9L’épilogue qui sert de conclusion au livre s’ouvre sur le constat qu’il reste une histoire systématique à écrire de la réception des auteurs de l’Antiquité grecque et latine. Les dernières pages sont donc consacrées au développement du rôle de médiatrice qu’a joué la critique érudite entre les modèles antiques et la tradition classique. La fin du volume revient donc sur l’importance de Jules-César Scaliger, Juste Lipse, Isaac Casaubon ou encore Joachim Camerarius dans le « couronnement différé » d’auteurs tels que Juvénal, Plaute, et Tacite, et donc dans l’élaboration de modèles et canons esthétiques qui se sont imposés durant la première modernité.

*

10Cet ouvrage propose ainsi des analyses dont l’importance tient en deux points. Tout d’abord, elles allient l’étude de textes et d’auteurs, anciens et modernes, illustres et incontournables pour les spécialistes de la réception de l’antiquité durant la première modernité, tout en proposant également une exploration de corpus extrêmement méconnus mais dont la richesse mériterait d’être illustrée et analysée de manière systématique par des travaux ultérieurs.

11Le vaste corpus mobilisé et l’importante érudition déployée ne vont pas sans présenter quelques difficultés par moments. Les langues anciennes et modernes qui ne sont pas accompagnées de traduction, le choix de donner en latin des titres existant en français, ou les références à des auteurs peu connus sous une forme abrégée (Denys l’Aéropagite appelé simplement « Denys » (p. 269) ou Bonaventure de Bagnoregio appelé « Bonaventure ») sont autant de freins pour un lectorat de non-spécialistes, pour lequel cet ouvrage pourrait toutefois présenter un très grand intérêt.

12Ensuite, les vingt chapitres retracent et illustrent le rôle considérable de médiation qu’ont joué les savants de la première modernité dans l’élaboration de modèles, dans la restitution et la subversion de styles et de manières antiques, ainsi que leur place dans l’élaboration d’outils et la constitution de théories linguistiques qui sont pour certaines encore en vigueur aujourd’hui.

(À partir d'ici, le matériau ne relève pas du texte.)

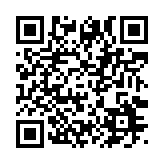 qrcode:https://www.moldavie.fr/2695
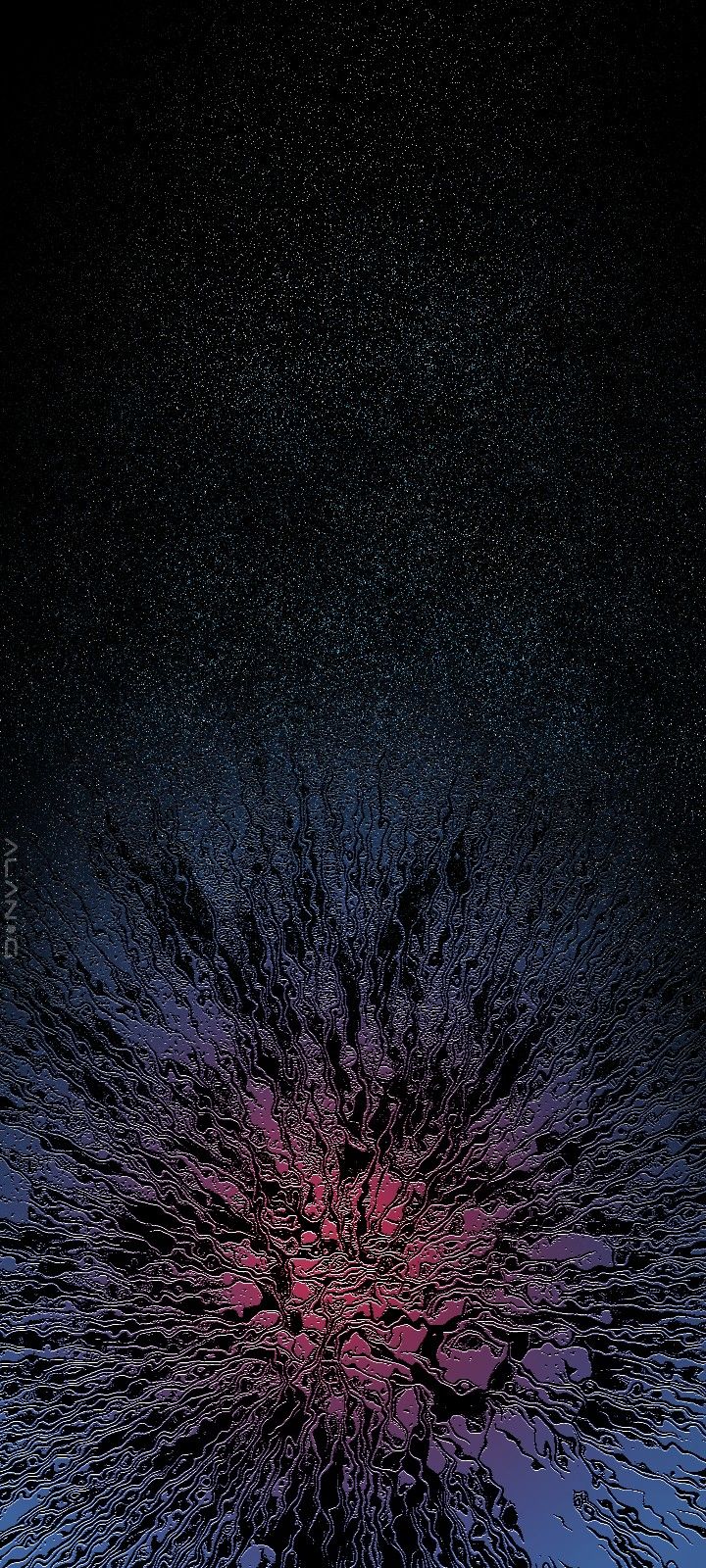 720x1600  Пин от пользователя 🇽𝘞𝘢𝘭𝘭𝘴 на доске AXWallpapers | Обои для iphone,  Обои для телефона, Акварельные обои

13Ce livre, qui explore les différentes facettes du travail de la langue, entre conceptions théoriques, jeux poétiques, histoire de la traduction et notions esthétiques pose donc des pistes essentielles pour l’étude de l’histoire de la réception de l’Antiquité, qui s’inscrivent déjà dans une dynamique de recherche de plus en plus solidement établie, comme en témoignent les nombreux projets portant sur la réception des auteurs antiques à ces périodes7, et qui pourront, on l’espère, s’affirmer et se développer de manière plus systématique, pour s’intéresser également, par exemple, aux enjeux sociaux, idéologiques, et politiques qui sous-tendent les multiples transformations linguistiques ici présentées.